抄録
本研究は筋電図の不規則波形を高速フーリエ変換(Fast Fourier Transform:FFT)し,周波数成分とそのパワーを同時に解析することにより乳歯列期から混合歯列期を経て永久歯列期まで,歯列の成長変化により咀嚼筋筋電図における筋活動量がいかに変化するかを検討する目的で,被検者を歯列の成長により乳歯列期,混合歯列期前期,混合歯列期後期,永久歯列期の4群に分類し,総計140名についてタッピング,クレンチング,バイティングの各被検動作を行わせた。筋電図は側頭筋前腹及び咬筋より採取し,そのスペクトル波形について,周波数域,ピーク周波数,ピーク強度を計測し,比較検討を行った結果は以下のとおりである。
1)周波数域については各群とも側頭筋のほうが咬筋に比べより広い周波数域を示し,また歯列の成長にともないその値は減少していた。

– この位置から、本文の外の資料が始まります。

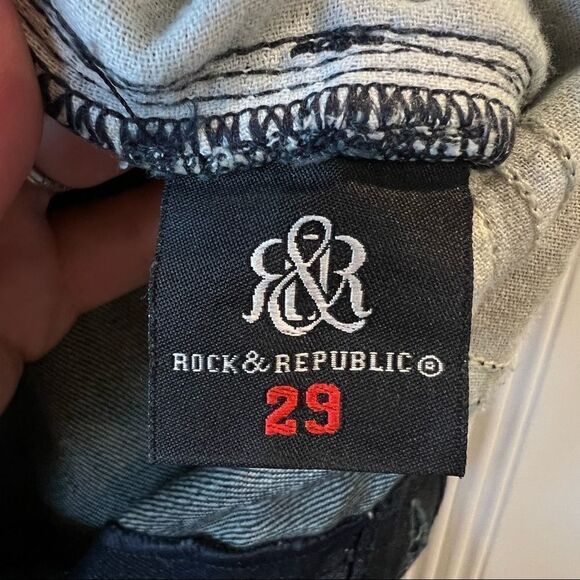 Rock & Republic Berlin Rhinestone Jeans in Attraction Wash Midrise Skinny Sz 29 - Picture 10 of 12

2)ピーク周波数およびピーク強度についてクレンチングがもっとも大きく,続いてタッピング,パイティングの順であった。
3)オートパワースペクトル波形を側頭筋,咬筋でその強度レベルを比較し,側頭筋が高い値を示した場合は側頭筋優位型,咬筋が高い値を示した場合には咬筋優位型とした場合,タッピング時,クレンチング時,最大咬合力発現時とも,咬筋優位型を示した者が歯列の成長変化にともない増加していた。
4)クロススペクトル波形の比較ではすべての被検運動について各群とも基本波に対して広い範囲で側頭筋および咬筋の調和が見られ,高周波数域まで高い強度が持続することが示され,さらに歯列の成長とともに強度が次第に増大することが認められた。